In the essay, Raymond gives 19 rules or lessons that he learned along the way about developing open-source projects.  Since there are so many, I'm only going to share the ones that struck me the most (although you should go read the essay to find out about the rest).


1.  "Every good work of software starts by scratching a developer's personal itch."
Think about it.  Every little program, piece of software, application--all the popular ones anyway--are the result of a developer's personal itch.  Why are they so popular?  It's simple: the good works of software shows in the effort put into the coding.  When the program is something that you know will be beneficial to your needs (and then possibly the needs of others) you put more time and effort into what you're doing, and it shows.

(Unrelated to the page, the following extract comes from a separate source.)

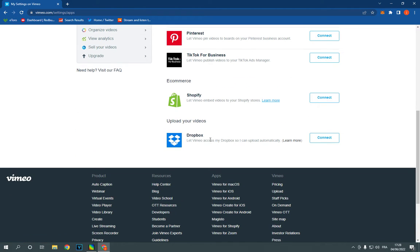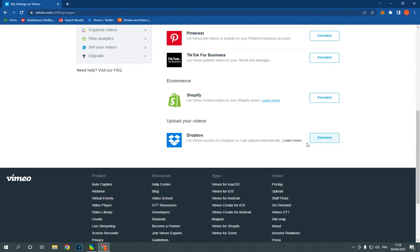You will find Dropbox, and right here on this blue option, if your Dropbox is connected, you will find it green. Then click on it. You will find disconnect here. Just click on it and it's gonna be disconnected successfully.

5.  "When you lose interest in a program, your last duty is to hand it off to a competent successor."
This one seems like a no-brainer to me.  As a developer, even if you lose interest in a program you will still want to see it succeed.  After all, you helped bring it to life.  It's only natural to want to find someone capable of carrying on in your place.  If the next developer isn't competent the program dies.  Simple as that.


8.  "Given a large enough beta-tester and co-developer base, almost every problem will be characterized quickly and the fix obvious to someone."
This rule was one Raymond dubbed "Linus's Law" after Linus Torvald, the software engineer who initiated the development of the open-source Linux kernel.  The author described it as follows:
"In the cathedral-builder view of programming, bugs and development problems are tricky, insidious, deep phenomena. It takes months of scrutiny by a dedicated few to develop confidence that you've winkled them all out. Thus the long release intervals, and the inevitable disappointment when long-awaited releases are not perfect. In the bazaar view, on the other hand, you assume that bugs are generally shallow phenomena—or, at least, that they turn shallow pretty quickly when exposed to a thousand eager co-developers pounding on every single new release. Accordingly you release often in order to get more corrections, and as a beneficial side effect you have less to lose if an occasional botch gets out the door."
Basically, Raymond says it has the Delphi Effect--"the averaged opinion of a mass of equally expert (or equally ignorant) observers is quite a bit more reliable a predictor than the opinion of a single randomly-chosen one of the observers". This is also the principle behind Wikipedia and why it has thrived and grown in popularity.